Subcutaneous bovine adipose tissues were isolated at the slaughter house on the day of slaughter and sent to the laboratory with an ice pack. Following the 24-h duration delivery, the tissues were first washed in PBS 1x containing 5% of penicillin-streptomycin-amphotericin B (Wako, 161-23181). Then, 8–10 g of tissue was separated into fragments to fill the six wells of a 6-well plate and was minced to get around 1mm3 in size using autoclaved scissors and tweezers, directly in 2 mL of collagenase solution containing both collagenase type I (Sigma Aldrich, C0130) and type II (Sigma Aldrich, C6885) at 2 mg/mL for each in DMEM with 1% antibiotics–antimycotic mixed solution (Nacalai, 02892-54), 0% FBS, and 5% BSA (sterilized by 0.2 µm filtration). After one hour of incubation at 37 °C with 250-rpm agitation, DMEM (Nacalai, 08458-16) with 10% FBS and 1% antibiotics was added and the lysate was filtrated using a sterilized 500 µm iron-mesh filter, before being centrifuged for 3 min at 80 g. The upper human mature adipocyte layer was then removed and the pellet containing the stromal vascular fraction (SVF) was washed two times in PBS 1x with 5% BSA and 1% antibiotics and once in complete DMEM (10% FBS + 1% antibiotics), by 3 min of centrifugation at 80 g between each wash. Finally, the pellet containing the SVF cells was resuspended in DMEM and seeded in a 10-cm dish for expansion by changing the medium every day for three days, and the cells were passaged when they reached 80% of confluency. After P1, the remaining adherent cells are considered as bADSCs and were expanded in DMEM.
2D cell culture
bSCs were cultured in high-glucose DMEM (Gibco, 10569-010) containing 1% antibiotic–antimycotic mixed solution (Nacalai, 02892-54), 10% FBS, 4 ng/mL fibroblast growth factor (Fujifilm, 067-04031), and 10 uM p38 inhibitor (Selleck, SB203580) for proliferation, and bSCs within P8 were used for all experiments. For differentiation induction of bSCs, the medium was changed to DMEM containing 2% horse serum and 1% antibiotic–antimycotic mixed solution. To investigate the cell proliferation and differentiation ratio, 50,000 cells were seeded on 24-well plates, and the differentiation medium was replaced every two days after differentiation induction.

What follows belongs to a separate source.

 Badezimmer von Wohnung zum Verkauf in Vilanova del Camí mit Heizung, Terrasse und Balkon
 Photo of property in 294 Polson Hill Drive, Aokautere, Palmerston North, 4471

Culture and differentiation of bADSCs to bovine endothelial cells
To monitor the endothelial differentiation of bADSCs, bADSCs at P1 previously expanded in DMEM were seeded at 5000 cells on 48-well plates and kept seven days in eight different conditions (DMEM with 1, 5, or 10% HS, DMEM with 10% FBS, DMEM with 10% human serum, DMEM with 10% calf serum, F12K with 10% HS, and F12K with 10% FBS, all containing 1% antibiotics-antimycotic mixed solution) by renewing the medium every 2-3 days.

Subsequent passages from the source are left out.